Crawled caption data:
"""

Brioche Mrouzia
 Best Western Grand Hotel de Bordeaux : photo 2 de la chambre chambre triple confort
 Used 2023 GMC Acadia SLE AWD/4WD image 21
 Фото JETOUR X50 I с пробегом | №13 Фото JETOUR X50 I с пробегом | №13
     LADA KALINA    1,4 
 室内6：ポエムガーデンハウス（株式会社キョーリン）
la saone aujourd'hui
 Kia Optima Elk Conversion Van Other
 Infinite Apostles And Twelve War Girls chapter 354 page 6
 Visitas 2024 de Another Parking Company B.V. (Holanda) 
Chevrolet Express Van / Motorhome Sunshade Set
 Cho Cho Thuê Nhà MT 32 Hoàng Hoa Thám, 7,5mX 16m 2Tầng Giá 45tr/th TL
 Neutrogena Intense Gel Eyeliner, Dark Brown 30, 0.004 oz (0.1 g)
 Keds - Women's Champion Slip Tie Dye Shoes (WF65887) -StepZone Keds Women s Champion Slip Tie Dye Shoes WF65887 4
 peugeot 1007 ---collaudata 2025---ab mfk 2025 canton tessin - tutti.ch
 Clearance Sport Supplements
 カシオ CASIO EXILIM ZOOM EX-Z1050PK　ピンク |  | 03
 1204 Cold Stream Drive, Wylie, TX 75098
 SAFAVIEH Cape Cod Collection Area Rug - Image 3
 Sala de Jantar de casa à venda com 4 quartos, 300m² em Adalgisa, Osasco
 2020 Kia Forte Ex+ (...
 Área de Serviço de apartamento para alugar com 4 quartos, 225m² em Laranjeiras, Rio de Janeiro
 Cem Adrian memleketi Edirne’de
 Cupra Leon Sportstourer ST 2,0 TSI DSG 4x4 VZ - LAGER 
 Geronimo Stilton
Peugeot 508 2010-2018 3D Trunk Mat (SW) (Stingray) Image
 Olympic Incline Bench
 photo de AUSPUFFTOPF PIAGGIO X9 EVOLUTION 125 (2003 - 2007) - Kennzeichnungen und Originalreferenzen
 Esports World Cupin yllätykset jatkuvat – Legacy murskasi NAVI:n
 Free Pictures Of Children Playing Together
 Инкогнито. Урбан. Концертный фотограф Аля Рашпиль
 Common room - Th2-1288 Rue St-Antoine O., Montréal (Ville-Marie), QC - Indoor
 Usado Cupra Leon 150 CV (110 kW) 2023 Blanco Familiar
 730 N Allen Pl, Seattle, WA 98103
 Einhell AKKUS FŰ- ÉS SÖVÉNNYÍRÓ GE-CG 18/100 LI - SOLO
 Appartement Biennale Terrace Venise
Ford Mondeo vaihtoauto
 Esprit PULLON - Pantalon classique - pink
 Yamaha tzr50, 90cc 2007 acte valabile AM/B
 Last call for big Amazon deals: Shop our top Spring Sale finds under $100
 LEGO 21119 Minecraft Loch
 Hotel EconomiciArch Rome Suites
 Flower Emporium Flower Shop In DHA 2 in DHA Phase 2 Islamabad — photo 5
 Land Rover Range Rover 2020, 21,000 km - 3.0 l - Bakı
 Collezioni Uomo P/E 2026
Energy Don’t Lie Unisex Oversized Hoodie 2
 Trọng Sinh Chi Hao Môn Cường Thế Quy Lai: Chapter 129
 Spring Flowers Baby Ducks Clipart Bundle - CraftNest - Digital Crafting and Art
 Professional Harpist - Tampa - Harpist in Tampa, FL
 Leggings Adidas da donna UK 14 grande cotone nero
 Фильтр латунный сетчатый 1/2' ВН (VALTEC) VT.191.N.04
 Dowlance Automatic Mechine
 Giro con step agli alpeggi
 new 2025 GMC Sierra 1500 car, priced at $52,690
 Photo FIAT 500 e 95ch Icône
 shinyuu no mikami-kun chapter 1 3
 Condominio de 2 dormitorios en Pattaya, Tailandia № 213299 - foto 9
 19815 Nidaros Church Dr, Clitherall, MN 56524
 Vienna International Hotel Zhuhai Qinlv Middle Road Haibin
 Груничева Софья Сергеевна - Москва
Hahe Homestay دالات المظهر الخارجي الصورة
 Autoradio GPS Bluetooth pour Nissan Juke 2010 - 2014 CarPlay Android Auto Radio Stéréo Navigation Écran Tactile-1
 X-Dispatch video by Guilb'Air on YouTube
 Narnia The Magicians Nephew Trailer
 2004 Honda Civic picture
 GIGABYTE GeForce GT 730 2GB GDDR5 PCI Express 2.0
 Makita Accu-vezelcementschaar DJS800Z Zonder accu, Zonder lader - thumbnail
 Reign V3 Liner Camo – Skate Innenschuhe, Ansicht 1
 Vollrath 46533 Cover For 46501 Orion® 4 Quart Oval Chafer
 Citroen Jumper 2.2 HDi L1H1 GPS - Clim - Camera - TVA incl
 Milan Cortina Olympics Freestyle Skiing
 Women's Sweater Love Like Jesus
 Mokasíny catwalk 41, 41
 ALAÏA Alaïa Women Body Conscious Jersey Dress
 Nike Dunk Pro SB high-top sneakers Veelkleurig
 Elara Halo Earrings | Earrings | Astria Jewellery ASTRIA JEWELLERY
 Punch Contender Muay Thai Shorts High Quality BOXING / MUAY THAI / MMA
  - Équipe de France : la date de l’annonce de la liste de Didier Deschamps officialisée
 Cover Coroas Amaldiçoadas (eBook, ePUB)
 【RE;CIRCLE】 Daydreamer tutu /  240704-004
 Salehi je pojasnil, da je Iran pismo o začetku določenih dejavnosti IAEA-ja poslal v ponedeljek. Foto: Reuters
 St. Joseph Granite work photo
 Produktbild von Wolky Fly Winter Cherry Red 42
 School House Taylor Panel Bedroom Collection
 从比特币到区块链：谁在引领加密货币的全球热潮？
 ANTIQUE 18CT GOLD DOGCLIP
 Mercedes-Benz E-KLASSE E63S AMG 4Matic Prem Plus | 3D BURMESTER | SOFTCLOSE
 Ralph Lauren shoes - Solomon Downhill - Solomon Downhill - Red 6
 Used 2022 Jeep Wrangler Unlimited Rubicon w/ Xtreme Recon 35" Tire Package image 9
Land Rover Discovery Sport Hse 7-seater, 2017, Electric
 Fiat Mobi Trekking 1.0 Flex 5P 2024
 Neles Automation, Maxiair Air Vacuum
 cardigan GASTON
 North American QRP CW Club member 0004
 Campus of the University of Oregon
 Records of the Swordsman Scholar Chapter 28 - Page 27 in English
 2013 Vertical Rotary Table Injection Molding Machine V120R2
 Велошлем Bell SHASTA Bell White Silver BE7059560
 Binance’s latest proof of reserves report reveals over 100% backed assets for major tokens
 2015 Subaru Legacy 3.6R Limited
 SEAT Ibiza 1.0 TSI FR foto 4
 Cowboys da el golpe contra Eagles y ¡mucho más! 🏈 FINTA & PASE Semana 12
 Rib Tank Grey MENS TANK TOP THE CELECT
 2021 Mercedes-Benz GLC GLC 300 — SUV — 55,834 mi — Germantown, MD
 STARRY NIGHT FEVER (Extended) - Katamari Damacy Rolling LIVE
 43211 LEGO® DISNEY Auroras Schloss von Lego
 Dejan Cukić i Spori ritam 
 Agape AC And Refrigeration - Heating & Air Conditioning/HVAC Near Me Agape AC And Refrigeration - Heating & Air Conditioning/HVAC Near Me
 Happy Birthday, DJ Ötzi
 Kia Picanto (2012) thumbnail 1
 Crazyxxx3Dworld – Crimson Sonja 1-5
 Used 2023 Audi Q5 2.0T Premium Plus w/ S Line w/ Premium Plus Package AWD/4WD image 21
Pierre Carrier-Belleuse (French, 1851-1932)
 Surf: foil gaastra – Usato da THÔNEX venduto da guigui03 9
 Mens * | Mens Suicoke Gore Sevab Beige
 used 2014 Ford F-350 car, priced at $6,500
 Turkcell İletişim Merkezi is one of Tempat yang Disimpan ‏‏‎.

"""

WHAT IS EXPECTED:
The expected answer is a copy of each line in the records that holds the word "Cupra".

WRITTEN RESPONSE:
 Cupra Leon Sportstourer ST 2,0 TSI DSG 4x4 VZ - LAGER 
 Usado Cupra Leon 150 CV (110 kW) 2023 Blanco Familiar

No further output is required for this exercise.